Considere como os indivíduos pesquisados e os participantes de testes clínicos globais para novos produtos farmacêuticos e outras terapias estão distribuídos ao redor do mundo. Diferentes agentes corporativos e governamentais frequentemente buscam ao redor do mundo participantes disponíveis para pesquisas que testem a segurança e a eficácia de medicamentos que beneficiam amplamente os consumidores do Norte Global, uma prática que perpetua diferentes formas de expropriação e miserificação neocolonial.
Como este tipo de exploração médica se relaciona com as teorias econômicas do "capitalismo racializado"? Como este tipo de exploração pode ser desafiado? Como a mídia e os estudiosos podem ser estimulados e incentivados a fazer um trabalho melhor reportando este padrão contínuo de exploração na pesquisa em saúde, de forma a tornar a defesa de uma "vacina do povo" ainda mais convincente ?

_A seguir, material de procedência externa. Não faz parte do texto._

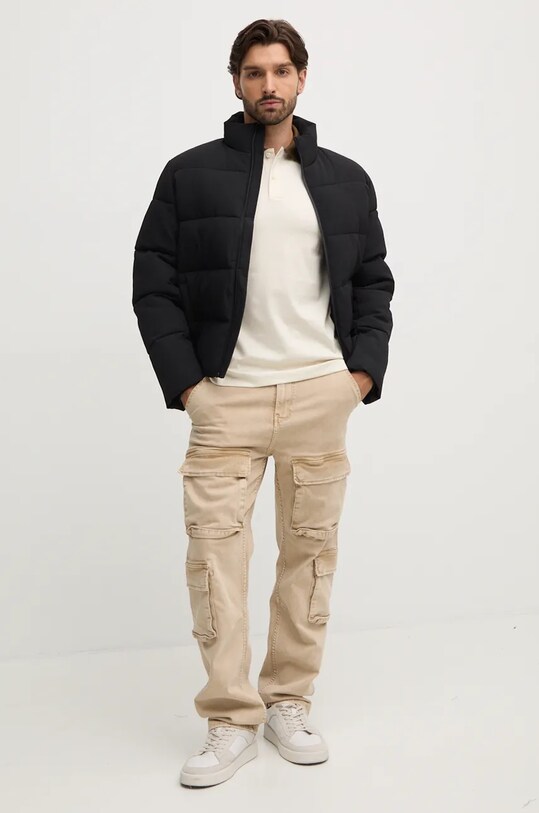 Куртка Calvin Klein K10K113458 чёрный AW24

Uma análise crítica mensurada das abordagens filantrópicas pró-mercado, com foco em grandes agentes como a Iniciativa Chan Zuckerberg e a Fundação Bill e Melinda Gates, ajudaria a abordar o que eu vejo, hoje, como um desafio duplo: a necessidade de desenvolver soluções internacionais para os desafios nacionais, de forma que não se negligencie as comunidades empobrecidas, tanto nas nações "ricas" quanto nas “em desenvolvimento".

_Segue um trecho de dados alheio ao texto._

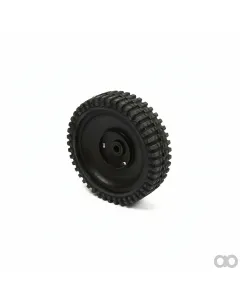 Ayp - 180775 - 200mm Toothed Wheel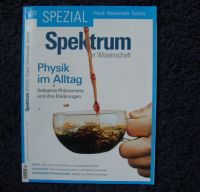 Spektrum der Wissenschaft Spezial Physik im Alltag Bayern - Ingolstadt Vorschau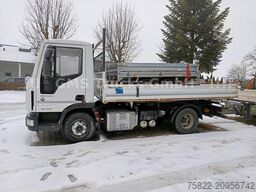 IVECO Eurocargo 80-210 / WENIG KM / 2x AHK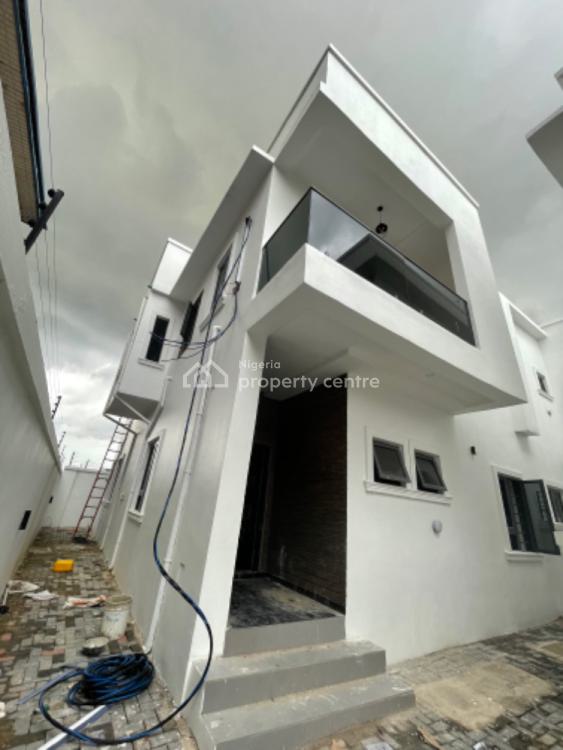 Luxury 4 Bedroom Semi Detached Duplex, Church View Estate, Soluyi, Gbagada, Lagos, Semi-detached Duplex for Sale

Tanto no Norte como no Sul, há um escoamento de recursos do setor público para beneficiários privados, o que mina os sistemas primários de saúde. São as comunidades mais pobres que continuam no lado perdedor da curva pró-privada, uma curva que é defendida e lubrificada por desembolsos filantrópicos. Como resultado, as pessoas em todo o mundo estão vendo um declínio na qualidade do fornecimento de bens públicos, o que pode levar a um fortalecimento do racismo como ferramenta política, e de estigmas e bodes expiatórios relacionados a raça.

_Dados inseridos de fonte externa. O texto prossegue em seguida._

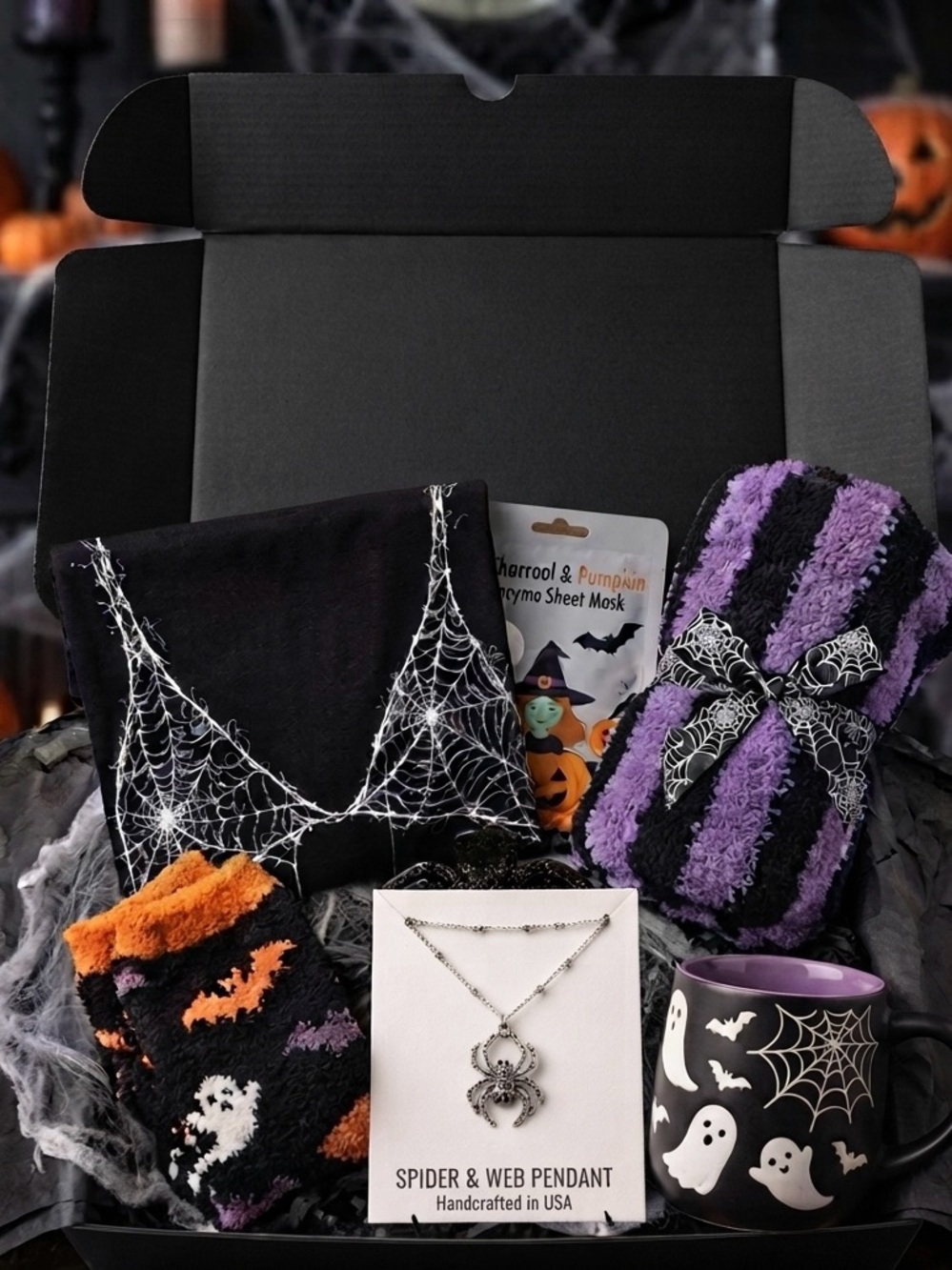 🎃 Spooky Boo Box | Halloween Mystery Box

Não é necessário dizer que devemos condenar a desinformação e as perspectivas extremistas. Desafiar as abordagens "filantro-capitalistas" que hoje se entrincheiram no poder corporativo e destacar esse padrão de drenagem da saúde e da riqueza é o oposto do pensamento "extremista"; pelo contrário, visa ampliar a "janela de Overton" de possíveis alternativas, destacando que a lógica filantro-capitalista para o aumento das parcerias público-privadas na saúde repousa sobre uma base de evidências muito frágil. O que funciona para a saúde pública é o fortalecimento dos sistemas de saúde primários; regimes pró patentes públicas, e acesso a medicamentos a preços populares.
Estou entusiasmada em trabalhar com o Grupo de Trabalho de Resposta ao Covid-19 para articular uma teoria de filantropia radical, uma teoria que celebre diferentes formas de solidariedade em vez de ideias imperialistas e injustas de caridade.